Two businesses on the list — Slifer Designs and the Double Diamond Ski Shop — earned 100 percent scores. Another pair — Bonfire Brewing and the Vail Valley Partnership — had scores of more than 100 percent.
Reached at the brewery in Eagle, Bonfire co-owner Amanda Jessen said the extra points came from some extra credit questions on the shopper surveys. One of those — the time it took for service — was scored every time a mystery shopper came in, she said.
Partnership CEO Chris Romer said the extra credit scores boil down to a matter of doing more than expected.
“You need to do the core things people expect,” Romer said. “Where you stand out is in exceeding expectations.”
Romer said customer service itself may be an outdated term. What’s important, he added, is the entire customer experience. Service is the primary component of that experience.
Providing great service is tough, Romer said, thanks to many businesses being chronically under-staffed.
In that environment, the old model of holding a classroom session — commonly called “smile school” — doesn’t really work anymore, he said.
“Forced fun never works,” Romer said. “There needs to be a continued, re-emphasized model of customer service.”
Mystery shoppers can help businesses maintain those efforts. While the Platinum Service Program isn’t as widely used as it once was — when it was part of the requirements for merchant ski passes — Romer said the program is well-used, particularly by local businesses. Bigger businesses, including national chains, tend to use their own evaluation and training programs.
Jessen said Bonfire Brewing takes pride in being a good part of the community. Maintaining great service is a key part of that, she said.
“We’re growing,” Jessen said. With more employees — some of whom haven’t worked long at Bonfire — it’s important to make sure everyone is focused on what’s important.
Focusing on service isn’t just for for-profit businesses, either. Among the most recent top performers in the program are the Thrifty Shoppe locations in Edwards and Eagle. Those shops provide most of the funding for Vail Valley Cares, a non-denominational Christian organization that uses proceeds from the shops to help fund dozens of valley nonprofit groups.

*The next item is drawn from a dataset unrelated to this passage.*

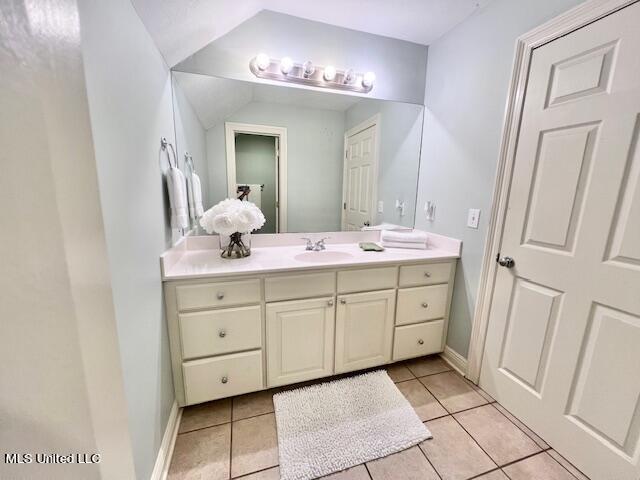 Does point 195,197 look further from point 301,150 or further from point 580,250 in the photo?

Vail Valley Cares director Greg Osteen said this is the third consecutive year both Thrifty Shoppe locations have made the top-performers list.
That’s important, he said.
“Thrift stores are not usually known for customer service,” Osteen said. “But (employees) love it.”
Part of the attraction is that Osteen will buy lunch for a store’s crew if a mystery shopper gives a 100 percent score. A poor score is a chance to talk to the crew about how to do better.
And, Osteen added, a good public image is essential for Vail Valley Cares.
“We survive on donations,” Osteen said. “If our people take care of people, they’ll take care of us.”